さて、内容の素晴らしさもさることながら、特筆すべきは訳者のレベルの高さと出版社の姿勢です。訳は日本語として完璧でかつ非常に読みやすい。そのうえ、日本人の専門家若林明雄氏による解説もついていて、参考文献リストもきっちり備えており、入門書としての体裁も整えている。これでこの価格に抑えられるとはまさに出版社の鑑だと思います。
男女の心の違いについて
★★★★☆
男女の脳・心の働きはどう違うのかについて。生物学的要因・社会的要因や進化の中での優位性など、
身近な事例と学術的研究から解き明かしていく。まったく耳に新しいというわけでもないけど、
まあ今まで言われてきたことを角度や視点を変えて考察したような。
女の話にはオチがない、男はすぐに虚勢を張りたがる、女は地図が読めない、男はしょうもないものをコレクションしたがる・・・etc..
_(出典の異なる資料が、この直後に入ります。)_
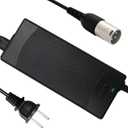 THEPRO 54.6V 2A Battery Charger for 48V Lithium Battery, 3pin XLR Plug, D12mm 3-Prong Inline Connector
一般に誰もが感じていることは、そう間違ってないってことです。
もちろん個々人を見れば別で、統計上の傾向の話だが・・・。
読後、なんとなく田嶋陽子さんの顔が浮かんだ(笑)
フェミとかジェンダーフリー論者とか急進的な男女平等論者に真っ向から反対する気はないが、
残念ながら男と女は生物学的に明らかに違い、それは肉体のみでなく脳・心の働きも違うということ
を踏まえた上で議論しないといけないよね。
社会や文化の変遷のほうが人間の生物学的進化より早くなってしまうのは仕方ないとは思うが、
男と女は違うということを受け入れた上でバランスよくゆっくりと変革していかないと。
新しいアプローチ
★★★★☆
この本はまじめで,面白さは少ないです。でも我慢して読んでいるとだんだん興味深くなって来ますし,話題も広がりをもちます。
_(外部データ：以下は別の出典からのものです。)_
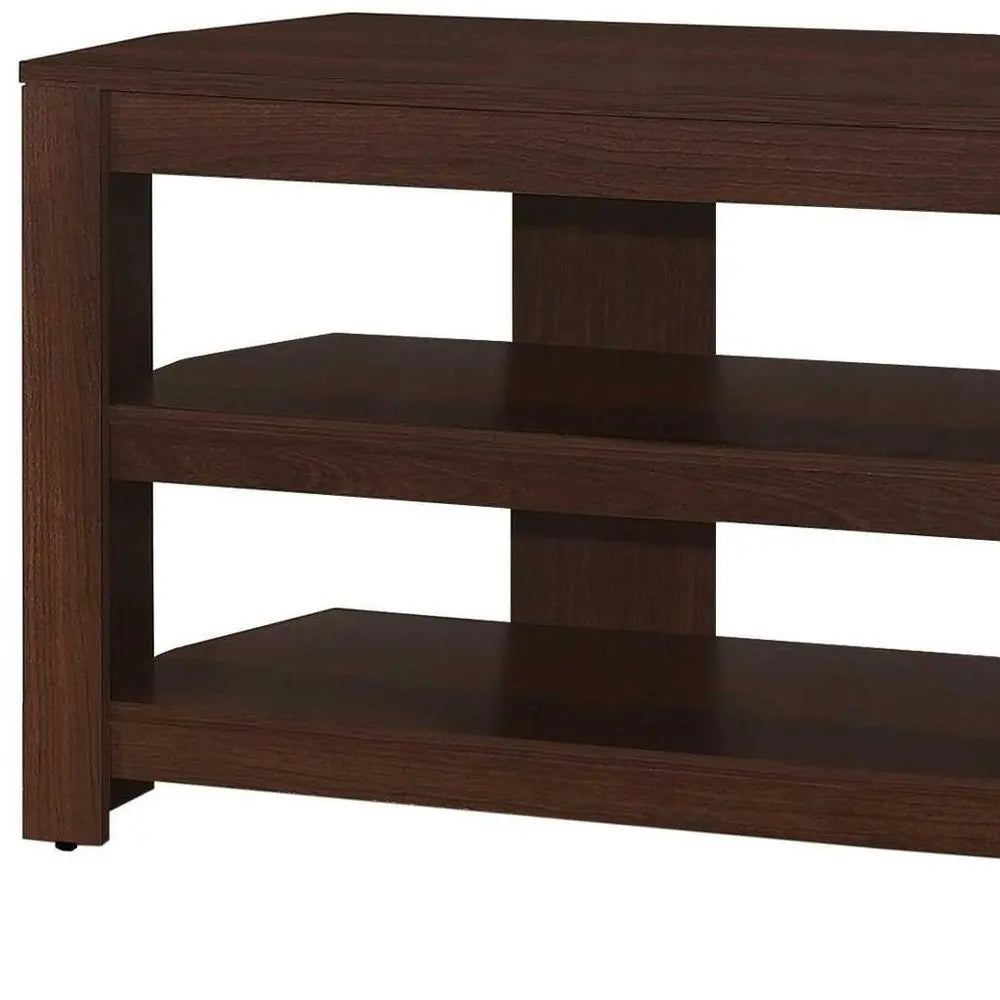 42" Dark Brown Open Shelving TV Stand - NOVA HOME FURNITURE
天才は昔から男ばかりだといわれます。実は埋もれてしまった女性もいるようで,実際はもっといるようですが,この本の分析で,
その理由も納得することになるでしょう。はっきり書いてはありませんが。
ただし,日本人には,ずれが多いと思いますし,巻末のテストも先にやってしまったほうが,客観的になれるし,面白く読めると思います。
それなりに知識は深まるけれど……
★★★☆☆
端的にいえば脳には他者の心情を読み取りそれに対して適切な反応を取るのに秀でたタイプ(=共感型)と物事の因果関係や仕組みを見出したり秩序付けたりすることに秀でたタイプ(=システム型)とがあり、前者は女性に多く後者は男性に多い、という内容です(女性はすべからく共感脳、男性はすべからくシステム脳というわけではありません)。もちろん両方の特性を備えた脳もあるわけですが、統計的にはそうなるよ、っていう話です。言いっぱなしではなくてきちんと実証的な証拠を挙げているのですが。
いや確かにそれなりにしっかりした学術的な内容だとは思うのですが、正直読みものとしてはあまり面白くないかな……、と。同じ著者の『自閉症とマインド・ブラインドネス』がとてもよかっただけにそれと比較して見劣りするのは否めないかな……。でもまあ買って損するものではありません。